**Aim of the exercise**
Below are entries; print them exactly from the first line through the one containing "Antminer T21 190T".

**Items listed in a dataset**
● ● ● ●

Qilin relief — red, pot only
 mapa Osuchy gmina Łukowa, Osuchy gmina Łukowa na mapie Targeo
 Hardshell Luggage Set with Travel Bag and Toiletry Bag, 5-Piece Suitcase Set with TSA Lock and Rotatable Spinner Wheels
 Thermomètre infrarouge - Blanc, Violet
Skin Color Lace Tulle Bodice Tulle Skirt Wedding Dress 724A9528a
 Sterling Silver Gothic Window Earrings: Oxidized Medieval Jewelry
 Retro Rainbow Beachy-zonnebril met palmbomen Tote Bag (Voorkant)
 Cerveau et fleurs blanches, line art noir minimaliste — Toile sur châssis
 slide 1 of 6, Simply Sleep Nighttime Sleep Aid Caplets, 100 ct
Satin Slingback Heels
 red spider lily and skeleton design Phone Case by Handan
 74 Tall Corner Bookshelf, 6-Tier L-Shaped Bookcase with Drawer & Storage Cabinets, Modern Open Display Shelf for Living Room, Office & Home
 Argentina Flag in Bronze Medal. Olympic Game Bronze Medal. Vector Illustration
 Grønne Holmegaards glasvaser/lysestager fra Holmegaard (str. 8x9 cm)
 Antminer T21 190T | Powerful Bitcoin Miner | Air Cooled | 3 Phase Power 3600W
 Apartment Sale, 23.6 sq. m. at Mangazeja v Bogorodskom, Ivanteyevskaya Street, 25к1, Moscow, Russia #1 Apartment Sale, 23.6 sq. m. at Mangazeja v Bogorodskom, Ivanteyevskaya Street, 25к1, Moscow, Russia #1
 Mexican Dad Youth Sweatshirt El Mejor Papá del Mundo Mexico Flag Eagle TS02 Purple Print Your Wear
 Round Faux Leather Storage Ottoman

● ● ● ●

**Answer to this exercise**
Qilin relief — red, pot only
 mapa Osuchy gmina Łukowa, Osuchy gmina Łukowa na mapie Targeo
 Hardshell Luggage Set with Travel Bag and Toiletry Bag, 5-Piece Suitcase Set with TSA Lock and Rotatable Spinner Wheels
 Thermomètre infrarouge - Blanc, Violet
Skin Color Lace Tulle Bodice Tulle Skirt Wedding Dress 724A9528a
 Sterling Silver Gothic Window Earrings: Oxidized Medieval Jewelry
 Retro Rainbow Beachy-zonnebril met palmbomen Tote Bag (Voorkant)
 Cerveau et fleurs blanches, line art noir minimaliste — Toile sur châssis
 slide 1 of 6, Simply Sleep Nighttime Sleep Aid Caplets, 100 ct
Satin Slingback Heels
 red spider lily and skeleton design Phone Case by Handan
 74 Tall Corner Bookshelf, 6-Tier L-Shaped Bookcase with Drawer & Storage Cabinets, Modern Open Display Shelf for Living Room, Office & Home
 Argentina Flag in Bronze Medal. Olympic Game Bronze Medal. Vector Illustration
 Grønne Holmegaards glasvaser/lysestager fra Holmegaard (str. 8x9 cm)
 Antminer T21 190T | Powerful Bitcoin Miner | Air Cooled | 3 Phase Power 3600W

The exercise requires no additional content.